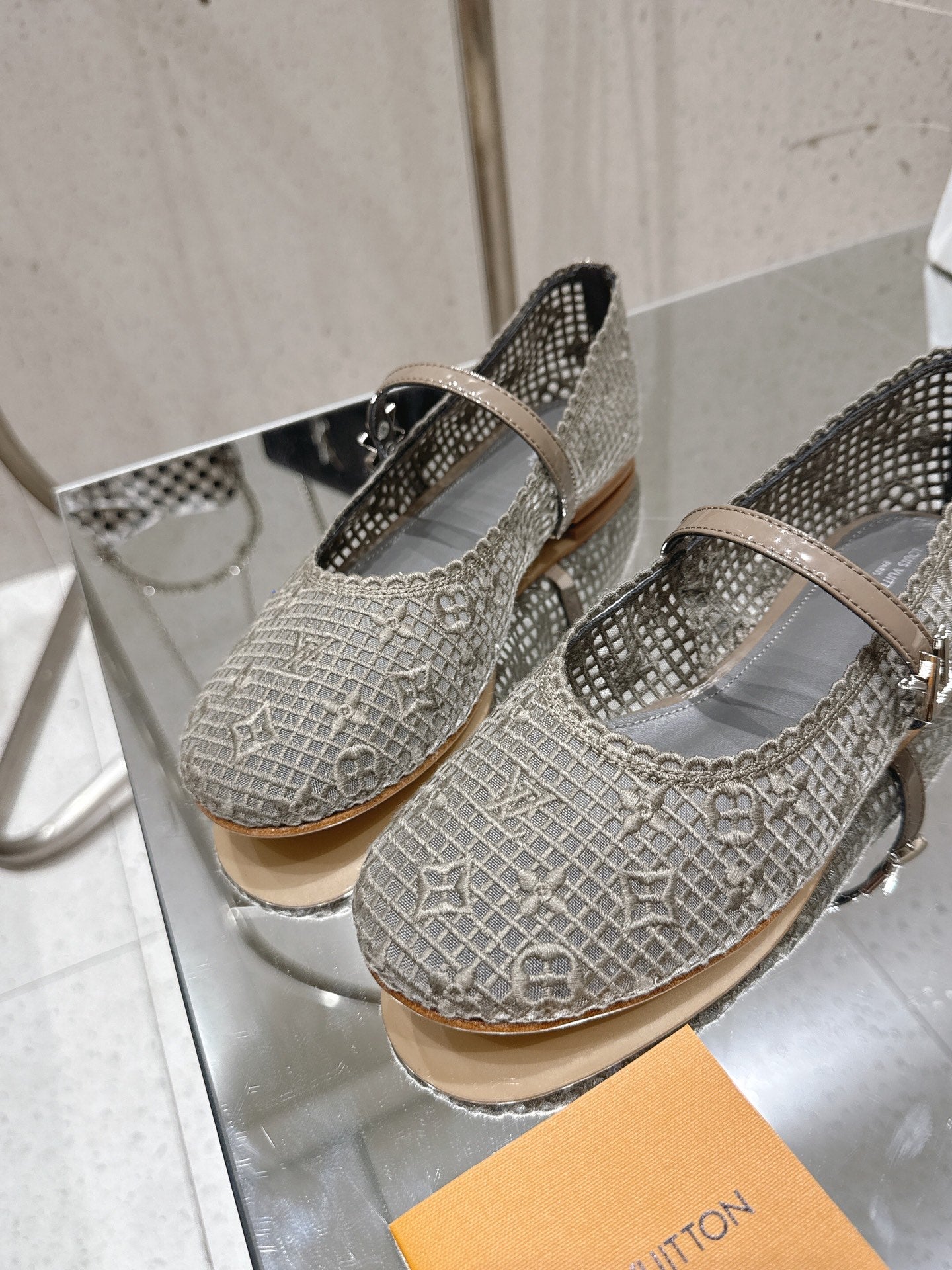 LV Romy Flat Ballerina Taupe Mesh 849380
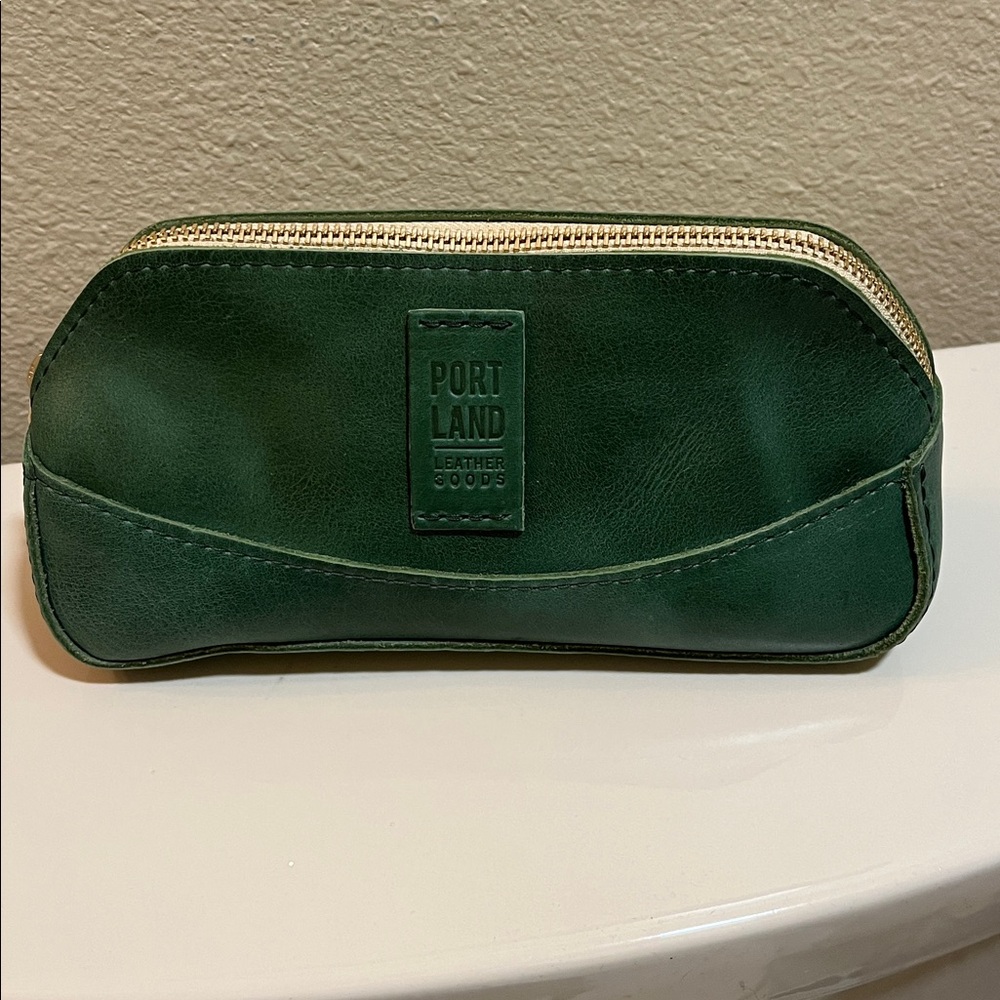 Portland Leather Emerald Green Zip Pouch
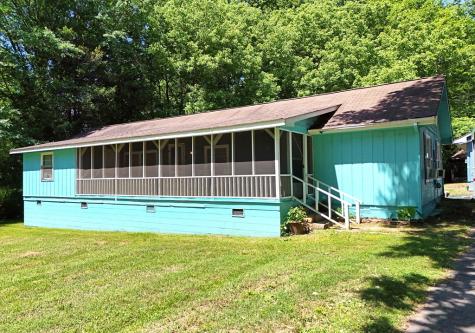 6156 Southern Road Young Harris GA 30582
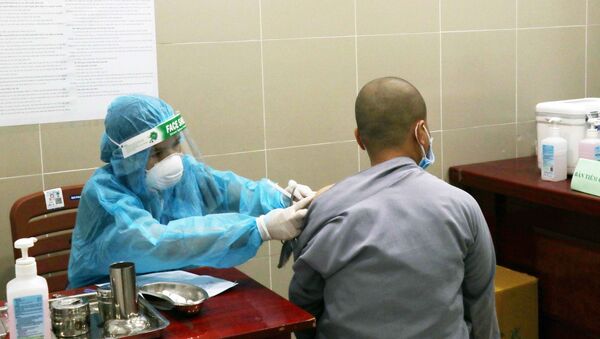 Một chư Ni tình nguyện tham gia hỗ trợ tuyến đầu chống dịch được tiêm vaccine phòng COVID-19 tại Bệnh viện Quận 11 - Sputnik Việt Nam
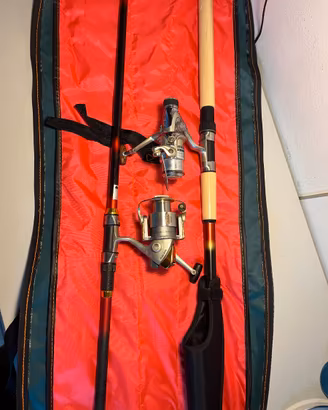 2 Canne da Pesca complete con mulinello e Custodia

################

**Task:**
Beginning with the line that contains "Một chư Ni tình", print exactly every line through the end of the records, both included. Omit the pictures.

**Response:**
 Một chư Ni tình nguyện tham gia hỗ trợ tuyến đầu chống dịch được tiêm vaccine phòng COVID-19 tại Bệnh viện Quận 11 - Sputnik Việt Nam
 2 Canne da Pesca complete con mulinello e Custodia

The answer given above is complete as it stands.